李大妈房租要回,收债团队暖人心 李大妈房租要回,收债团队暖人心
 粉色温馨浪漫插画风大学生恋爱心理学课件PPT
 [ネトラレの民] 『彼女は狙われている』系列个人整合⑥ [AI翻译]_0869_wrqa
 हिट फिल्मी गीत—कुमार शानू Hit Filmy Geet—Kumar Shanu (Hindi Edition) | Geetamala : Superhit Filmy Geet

**EXERCISE BRIEF**. Without altering a single word, write out the whole listing.

**REPLY TO THE EXERCISE**.
李大妈房租要回,收债团队暖人心 李大妈房租要回,收债团队暖人心
 粉色温馨浪漫插画风大学生恋爱心理学课件PPT
 [ネトラレの民] 『彼女は狙われている』系列个人整合⑥ [AI翻译]_0869_wrqa
 हिट फिल्मी गीत—कुमार शानू Hit Filmy Geet—Kumar Shanu (Hindi Edition) | Geetamala : Superhit Filmy Geet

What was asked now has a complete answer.